Tag Archives: marine mammals

New Course Explores Science of Noise Impacting Marine Mammals

The Beluga whale is one of over 120 species of marine mammals impacted by ocean noise.
The Beluga whale is one of over 120 species of marine mammals impacted by ocean noise.

Applied Technology Institute Introduces New Course:

Underwater Acoustics for Biologists and Conservation Managers

New course explores the science of noise that impacts marine mammals and other ocean life

(ANNAPOLIS. Md, May 17, 2010) Technical professional development training company, Applied Technology Institute (ATI), is introducing a new course, Underwater Acoustics for Biologists and Conservation Managers. The three-day course is designed for biologists and conservation managers who wish to enhance their understanding of the underlying principles behind underwater and engineering acoustics. Understanding this science is critical to the success of marine research facilities that are responsible for evaluating the impact of anthropogenic noise on marine life.

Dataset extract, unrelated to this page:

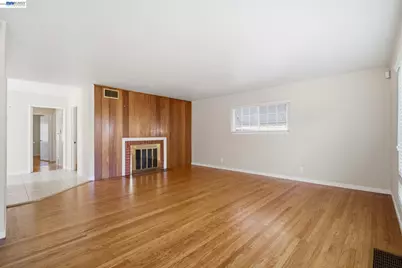 930 Castle St, San Leandro, CA 94578 - Photo 9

Target audiences will include marine research facilities like the Office of Naval Research (ONR) and the National Oceanic and Atmospheric Administration (NOAA). Currently the NOAA is overseeing the BP oil spill clean up that occurred in the Gulf of Mexico last week. The NOAA umbrella organization includes divisions responsible not only for environmental clean up emergencies, but also for assessing biological harm to marine life through the NOAA Fisheries Services division.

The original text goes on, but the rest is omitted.